Communs et alimentation. La reconfiguration des relations de propriété à travers les systèmes agro-alimentaires alternatifs

Etienne Verhaegen
2016

EMES Conferences Selected Papers Series, ECSP-P16-22

Un nombre sans cesse croissant d’activistes et de chercheurs brandissent les “communs » comme concept et comme pratique en tant qu’antidote au capitalisme néolibéral. Comme le résument Jeffrey et al., « The commons, after all, is a name for a disparate set of practices and conflicts across the globe connected—sometimes directly—by a commitment to life beyond marketisation, privatisation and commercialization” (2012:1249). La montée de la critique de la globalisation néolibérale et celle de la méfiance à l’égard de l’Etat et de la démocratie représentative crée un moment historique pour un mouvement à la fois politique et réflexif des communs et de la propriété commune. Pour Dardot et Laval (2014), l’actuelle convergence des mobilisations contre les néolibéralismes qui s’opère au nom du commun marque un moment nouveau dans l’histoire des luttes sociales contre le capitalisme à l’échelle planétaire. Il s’agit non seulement d’une nouvelle façon de contester le capitalisme, mais aussi d’envisager son dépassement.

Son succès actuel exprime la montée de deux angoisses conjointes : l’avancée de la frontière de la privatisation de plus en plus loin dans l’intime tant moral que physique des individus et le sentiment d’impuissance face à une globalisation et une opacité qui éloignent et floutent les leviers d’action civique et politique.

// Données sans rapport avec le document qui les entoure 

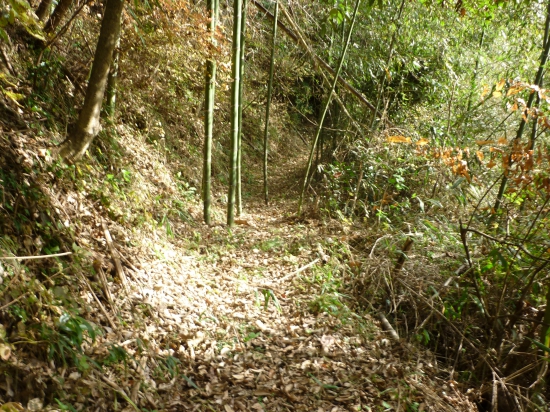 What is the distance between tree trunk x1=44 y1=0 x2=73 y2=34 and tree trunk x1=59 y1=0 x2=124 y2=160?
98 centimetres

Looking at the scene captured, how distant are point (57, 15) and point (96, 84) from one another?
1229mm

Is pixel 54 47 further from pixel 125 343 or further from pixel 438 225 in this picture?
pixel 438 225

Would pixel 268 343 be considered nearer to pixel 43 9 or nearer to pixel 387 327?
pixel 387 327

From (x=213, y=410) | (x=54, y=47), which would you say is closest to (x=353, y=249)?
(x=213, y=410)

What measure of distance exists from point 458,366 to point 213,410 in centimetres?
201

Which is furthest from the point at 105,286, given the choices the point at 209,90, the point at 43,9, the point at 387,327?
the point at 209,90

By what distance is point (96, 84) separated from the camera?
9.96ft

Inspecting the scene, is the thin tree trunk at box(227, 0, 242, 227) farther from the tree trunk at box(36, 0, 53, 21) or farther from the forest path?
the tree trunk at box(36, 0, 53, 21)

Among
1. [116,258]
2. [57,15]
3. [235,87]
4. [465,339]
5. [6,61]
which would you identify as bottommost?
[465,339]

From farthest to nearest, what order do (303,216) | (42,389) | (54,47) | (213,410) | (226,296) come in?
1. (303,216)
2. (54,47)
3. (226,296)
4. (213,410)
5. (42,389)

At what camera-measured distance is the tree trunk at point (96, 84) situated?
2920mm

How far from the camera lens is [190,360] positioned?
275 cm

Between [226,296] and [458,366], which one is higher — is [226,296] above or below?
above

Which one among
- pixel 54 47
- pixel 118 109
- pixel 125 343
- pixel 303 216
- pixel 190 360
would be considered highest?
pixel 54 47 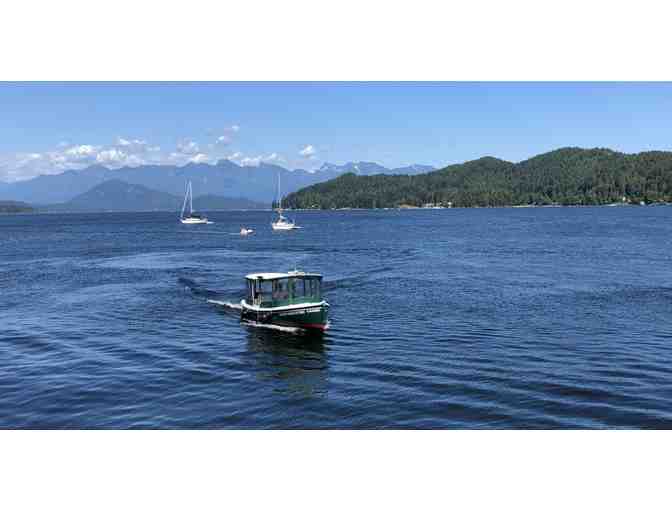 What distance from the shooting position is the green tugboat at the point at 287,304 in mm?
39438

L’idée du commun est alors à la fois le désir de reprendre possession de son environnement proche, réanimer des formes de production et d’échanges qui ne sont plus fondées sur les seules institutions capitalistiques du marché, et retrouver les valeurs de partage, solidarité, convivialité. La “commonification” contre la “commodification”? La protection comme la re-construction des communs est clairement à l’agenda de chercheurs et d’activistes de plus en plus nombreux.
L’horizon de cette dynamique de « reclaiming the commons » étant aussi vaste que largement partagé, l’idée de communs véhicule elle-même de multiples significations et recouvre des pratiques très diverses. Le foisonnement dans l’usage militant et intellectuel du concept contribue à l’envelopper d’une aura mystique et lui attribuer un pouvoir quasi magique de progressisme social et politique. Le risque est de le transformer en slogan, certes mobilisateur, mais sans portée réelle pour l’action. Comme l’écrit Rodotà (ECC report 2013:8), « If everything is a commons, nothing is a commons ».

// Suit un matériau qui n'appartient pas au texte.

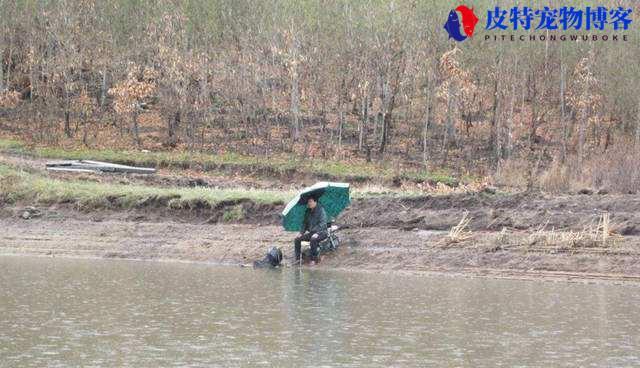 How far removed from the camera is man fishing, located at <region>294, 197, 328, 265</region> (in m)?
23.6

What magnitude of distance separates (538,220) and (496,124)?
2677cm

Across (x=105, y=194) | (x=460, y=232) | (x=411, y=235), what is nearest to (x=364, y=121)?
(x=105, y=194)

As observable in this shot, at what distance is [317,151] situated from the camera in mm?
47500

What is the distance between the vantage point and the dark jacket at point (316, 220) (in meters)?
23.6

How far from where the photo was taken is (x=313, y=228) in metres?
23.7

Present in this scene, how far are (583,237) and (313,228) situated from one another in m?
5.94

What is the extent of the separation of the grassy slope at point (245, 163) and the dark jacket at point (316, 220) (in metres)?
15.8

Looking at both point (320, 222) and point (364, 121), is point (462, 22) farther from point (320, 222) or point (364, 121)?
point (320, 222)

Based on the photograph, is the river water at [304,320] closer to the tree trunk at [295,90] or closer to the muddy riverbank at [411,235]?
the muddy riverbank at [411,235]

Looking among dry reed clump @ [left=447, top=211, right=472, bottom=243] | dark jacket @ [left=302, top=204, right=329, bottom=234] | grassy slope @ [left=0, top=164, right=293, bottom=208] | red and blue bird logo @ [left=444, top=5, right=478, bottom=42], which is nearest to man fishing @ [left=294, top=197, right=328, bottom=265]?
dark jacket @ [left=302, top=204, right=329, bottom=234]

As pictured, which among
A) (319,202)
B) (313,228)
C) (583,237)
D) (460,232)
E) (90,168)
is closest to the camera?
(583,237)

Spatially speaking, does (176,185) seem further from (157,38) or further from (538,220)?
(157,38)

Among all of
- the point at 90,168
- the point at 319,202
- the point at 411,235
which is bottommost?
the point at 411,235

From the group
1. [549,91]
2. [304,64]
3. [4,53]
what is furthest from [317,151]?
[4,53]
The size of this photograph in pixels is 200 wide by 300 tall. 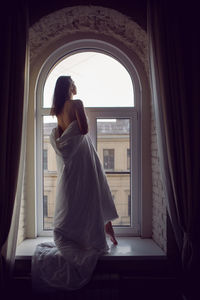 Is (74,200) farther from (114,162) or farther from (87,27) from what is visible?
(87,27)

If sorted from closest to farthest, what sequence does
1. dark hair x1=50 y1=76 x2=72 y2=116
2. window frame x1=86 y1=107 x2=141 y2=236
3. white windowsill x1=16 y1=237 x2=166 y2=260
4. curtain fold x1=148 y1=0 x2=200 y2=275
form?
curtain fold x1=148 y1=0 x2=200 y2=275, white windowsill x1=16 y1=237 x2=166 y2=260, dark hair x1=50 y1=76 x2=72 y2=116, window frame x1=86 y1=107 x2=141 y2=236

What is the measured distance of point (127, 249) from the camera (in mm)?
2338

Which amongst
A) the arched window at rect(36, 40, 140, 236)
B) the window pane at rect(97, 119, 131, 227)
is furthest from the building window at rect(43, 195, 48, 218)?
the window pane at rect(97, 119, 131, 227)

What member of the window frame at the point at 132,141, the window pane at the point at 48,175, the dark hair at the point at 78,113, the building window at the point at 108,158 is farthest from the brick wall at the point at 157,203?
the window pane at the point at 48,175

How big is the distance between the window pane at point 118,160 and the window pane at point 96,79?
22 centimetres

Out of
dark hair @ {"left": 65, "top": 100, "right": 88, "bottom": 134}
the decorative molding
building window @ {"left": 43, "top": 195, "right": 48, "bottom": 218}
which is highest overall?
the decorative molding

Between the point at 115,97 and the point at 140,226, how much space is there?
1.28m

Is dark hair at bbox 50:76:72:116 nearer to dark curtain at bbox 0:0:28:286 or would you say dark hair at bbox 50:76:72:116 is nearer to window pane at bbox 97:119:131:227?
dark curtain at bbox 0:0:28:286

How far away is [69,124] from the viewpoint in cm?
231

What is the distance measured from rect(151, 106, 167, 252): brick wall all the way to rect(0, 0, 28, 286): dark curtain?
1.17 m

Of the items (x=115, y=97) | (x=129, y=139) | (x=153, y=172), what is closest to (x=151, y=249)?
(x=153, y=172)

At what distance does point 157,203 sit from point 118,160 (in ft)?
1.85

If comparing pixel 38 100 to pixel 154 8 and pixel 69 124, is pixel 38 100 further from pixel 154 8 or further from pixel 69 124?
pixel 154 8

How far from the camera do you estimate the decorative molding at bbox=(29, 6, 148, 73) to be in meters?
2.34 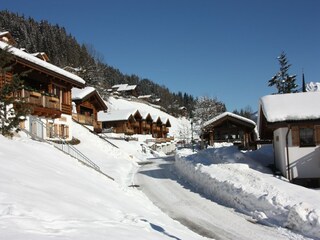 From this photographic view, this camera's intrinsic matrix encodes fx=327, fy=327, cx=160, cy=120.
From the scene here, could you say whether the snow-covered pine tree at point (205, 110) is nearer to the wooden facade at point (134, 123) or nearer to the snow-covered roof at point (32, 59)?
the wooden facade at point (134, 123)

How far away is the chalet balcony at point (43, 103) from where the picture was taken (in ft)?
73.8

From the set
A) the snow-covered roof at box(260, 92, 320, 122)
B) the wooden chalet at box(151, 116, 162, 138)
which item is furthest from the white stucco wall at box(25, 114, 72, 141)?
the wooden chalet at box(151, 116, 162, 138)

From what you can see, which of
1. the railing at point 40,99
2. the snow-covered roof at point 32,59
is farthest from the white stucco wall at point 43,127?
the snow-covered roof at point 32,59

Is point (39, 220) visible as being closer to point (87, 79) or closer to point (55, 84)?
point (55, 84)

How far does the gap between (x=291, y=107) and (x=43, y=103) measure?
670 inches

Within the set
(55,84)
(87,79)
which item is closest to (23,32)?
(87,79)

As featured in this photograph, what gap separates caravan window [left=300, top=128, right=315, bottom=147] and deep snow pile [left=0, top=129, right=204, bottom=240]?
36.6 ft

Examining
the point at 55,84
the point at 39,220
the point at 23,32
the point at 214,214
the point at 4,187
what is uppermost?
the point at 23,32

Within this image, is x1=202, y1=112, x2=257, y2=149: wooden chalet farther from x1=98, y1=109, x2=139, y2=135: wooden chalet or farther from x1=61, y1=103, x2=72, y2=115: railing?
x1=98, y1=109, x2=139, y2=135: wooden chalet

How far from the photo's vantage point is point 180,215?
12.8m

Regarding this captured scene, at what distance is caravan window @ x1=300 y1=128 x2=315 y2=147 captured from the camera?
723 inches

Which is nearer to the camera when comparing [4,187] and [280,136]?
[4,187]

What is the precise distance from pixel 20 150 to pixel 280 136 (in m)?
14.5

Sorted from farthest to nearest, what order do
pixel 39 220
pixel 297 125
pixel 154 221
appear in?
1. pixel 297 125
2. pixel 154 221
3. pixel 39 220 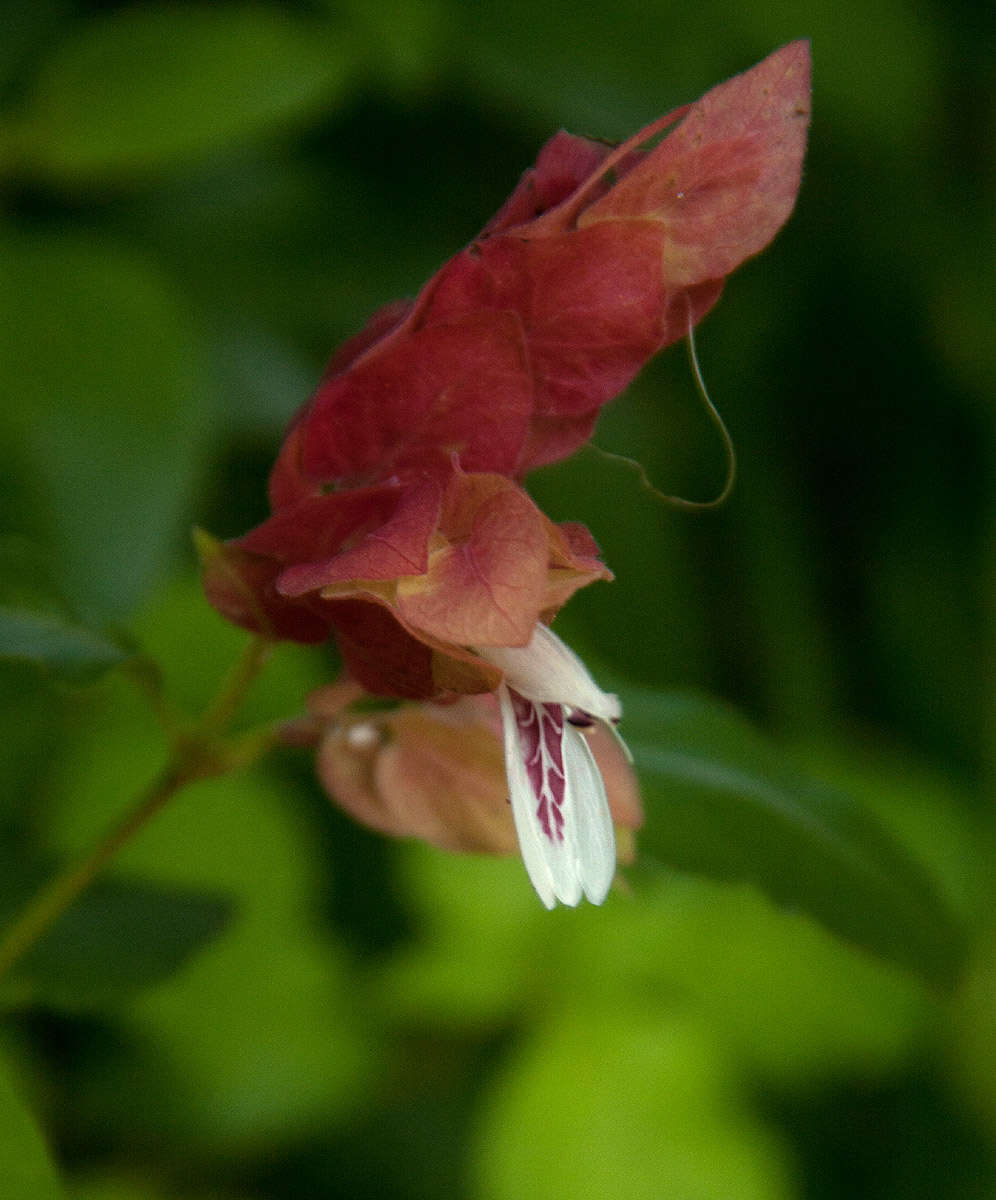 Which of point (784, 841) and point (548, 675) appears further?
Result: point (784, 841)

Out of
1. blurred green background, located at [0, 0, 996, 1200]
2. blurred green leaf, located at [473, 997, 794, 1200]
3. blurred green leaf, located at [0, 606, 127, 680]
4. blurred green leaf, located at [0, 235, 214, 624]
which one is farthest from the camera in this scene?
blurred green leaf, located at [473, 997, 794, 1200]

Il est donc important de tenter d’éclairer le contenu des différents tiroirs discursifs, symboliques, pragmatiques, …, de cette idée de commun par l’analyse des pratiques et projets qui s’en revendiquent. Pour ce faire, il est proposé de dégager quatre axes de mobilisation : celui des règles et de la gouvernance autour des ressources, celui du bien commun et de son éthique, celui des valeurs et celui des pratiques politiques.

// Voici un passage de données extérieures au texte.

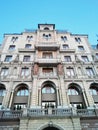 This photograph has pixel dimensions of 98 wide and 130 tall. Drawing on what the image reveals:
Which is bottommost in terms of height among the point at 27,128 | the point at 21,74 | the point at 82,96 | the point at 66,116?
the point at 27,128

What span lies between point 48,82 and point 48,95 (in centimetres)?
263

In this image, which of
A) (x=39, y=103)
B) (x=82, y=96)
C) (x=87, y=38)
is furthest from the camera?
(x=87, y=38)

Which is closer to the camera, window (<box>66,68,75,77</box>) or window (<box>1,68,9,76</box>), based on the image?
window (<box>1,68,9,76</box>)

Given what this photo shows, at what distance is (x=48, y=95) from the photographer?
23.9 metres

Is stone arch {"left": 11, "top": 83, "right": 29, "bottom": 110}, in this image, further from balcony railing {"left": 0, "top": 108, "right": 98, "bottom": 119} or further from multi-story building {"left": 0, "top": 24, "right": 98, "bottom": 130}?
balcony railing {"left": 0, "top": 108, "right": 98, "bottom": 119}

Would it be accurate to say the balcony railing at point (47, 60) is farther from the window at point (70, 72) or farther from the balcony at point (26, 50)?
the balcony at point (26, 50)

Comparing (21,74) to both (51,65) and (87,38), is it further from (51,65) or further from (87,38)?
(87,38)

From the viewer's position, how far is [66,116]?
18.5 m

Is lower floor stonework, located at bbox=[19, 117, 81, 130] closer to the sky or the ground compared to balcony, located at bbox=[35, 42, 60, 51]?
closer to the ground

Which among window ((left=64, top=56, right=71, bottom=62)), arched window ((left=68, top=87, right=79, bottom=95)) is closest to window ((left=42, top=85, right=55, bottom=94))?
arched window ((left=68, top=87, right=79, bottom=95))

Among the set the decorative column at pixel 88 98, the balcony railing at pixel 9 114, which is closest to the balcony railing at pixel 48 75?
the decorative column at pixel 88 98

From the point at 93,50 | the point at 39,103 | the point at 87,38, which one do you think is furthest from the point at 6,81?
the point at 87,38

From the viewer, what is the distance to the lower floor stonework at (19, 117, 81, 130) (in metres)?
17.7

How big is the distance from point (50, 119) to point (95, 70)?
48.2 ft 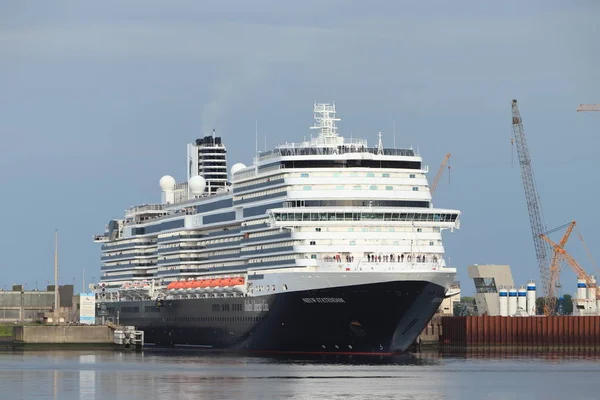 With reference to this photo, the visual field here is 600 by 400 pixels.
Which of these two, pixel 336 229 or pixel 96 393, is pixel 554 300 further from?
pixel 96 393

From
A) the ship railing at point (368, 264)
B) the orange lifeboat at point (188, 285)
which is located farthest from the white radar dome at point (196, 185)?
the ship railing at point (368, 264)

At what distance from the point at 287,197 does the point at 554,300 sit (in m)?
69.1

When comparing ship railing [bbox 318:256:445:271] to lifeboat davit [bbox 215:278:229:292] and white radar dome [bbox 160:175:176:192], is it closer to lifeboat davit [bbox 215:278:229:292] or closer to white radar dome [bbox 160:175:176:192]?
lifeboat davit [bbox 215:278:229:292]

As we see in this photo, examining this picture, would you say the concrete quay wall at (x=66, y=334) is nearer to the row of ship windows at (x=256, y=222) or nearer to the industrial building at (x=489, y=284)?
the row of ship windows at (x=256, y=222)

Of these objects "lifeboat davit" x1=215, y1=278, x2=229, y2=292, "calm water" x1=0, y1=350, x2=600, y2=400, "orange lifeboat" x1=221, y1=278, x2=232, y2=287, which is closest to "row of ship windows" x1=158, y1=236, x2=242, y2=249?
"orange lifeboat" x1=221, y1=278, x2=232, y2=287

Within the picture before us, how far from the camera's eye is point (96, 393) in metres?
85.3

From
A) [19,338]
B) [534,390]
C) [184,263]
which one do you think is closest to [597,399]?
[534,390]

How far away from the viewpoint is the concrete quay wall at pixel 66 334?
145375mm

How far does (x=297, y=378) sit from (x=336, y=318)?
17247 mm

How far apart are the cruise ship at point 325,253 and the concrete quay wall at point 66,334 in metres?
19.6

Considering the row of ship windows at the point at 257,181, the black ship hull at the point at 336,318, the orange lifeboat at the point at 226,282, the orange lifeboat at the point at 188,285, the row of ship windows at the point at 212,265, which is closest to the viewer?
the black ship hull at the point at 336,318

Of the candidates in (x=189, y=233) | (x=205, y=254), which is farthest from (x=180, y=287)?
(x=189, y=233)

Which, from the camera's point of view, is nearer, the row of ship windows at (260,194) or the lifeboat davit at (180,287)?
Answer: the row of ship windows at (260,194)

Le commun est perçu généralement comme l’opposé radical au binôme propriété privée – propriété publique, ou comme le paradigme de la non-propriété (Pedersen 2010 ; Dardot et Laval 2014). Cette contribution propose d’interroger cette double vision et d’aborder l’idée de commun sous l’angle de la propriété dans ses multiples dimensions et conceptions. Il s’agit par là de tracer un fil conducteur traversant et unifiant la polysémie de l’idée de commun. Cette grille de lecture, comme d’autre sans doute, montre que plus que des axes, il faut parler de niveaux. Niveaux d’analyse, comme l’évoque Allaire (2014), mais aussi articulation des différentes dimensions du commun, avec leurs contradictions mais plus encore leur nécessaire superposition et leur renforcement mutuel. Inversement, la compréhension du commun sous l’angle de la propriété conduit à élargir les conceptions qui entourent celle-ci et déborder du cadre du droit dans lequel la propriété est souvent enfermée.

Cette « mise en ordre » sera réalisée sur un terrain particulier, celui des réseaux agro-alimentaires qui se veulent alternatifs, que l’on peut, avec Renting et al. (2012), regrouper sous le vocable de civic food networks (CFN). Aujourd’hui, les défenseurs de systèmes alimentaires environnementalement et socialement plus durables se sont emparés de l’idée de commun et l’expression common food (ou food as commons) constitue un important slogan mobilisateur et fédérateur. Il est pris à la fois comme un idéal, une visée globale, et comme pratiques autour de l’accès aux ressources agraires et aux biens alimentaires. Comment les discours et les pratiques explorées à travers ces réseaux renouvellent la question de la propriété et alimentent le débat actuel sur l’idée de commun? Cette contribution vise à apporter des éléments de réflexion en s’appuyant sur la littérature foisonnante consacrée à ces espaces d’innovations (principalement ceux d’Amérique du Nord et en France) et sur nos propres observations de certaines expériences belges.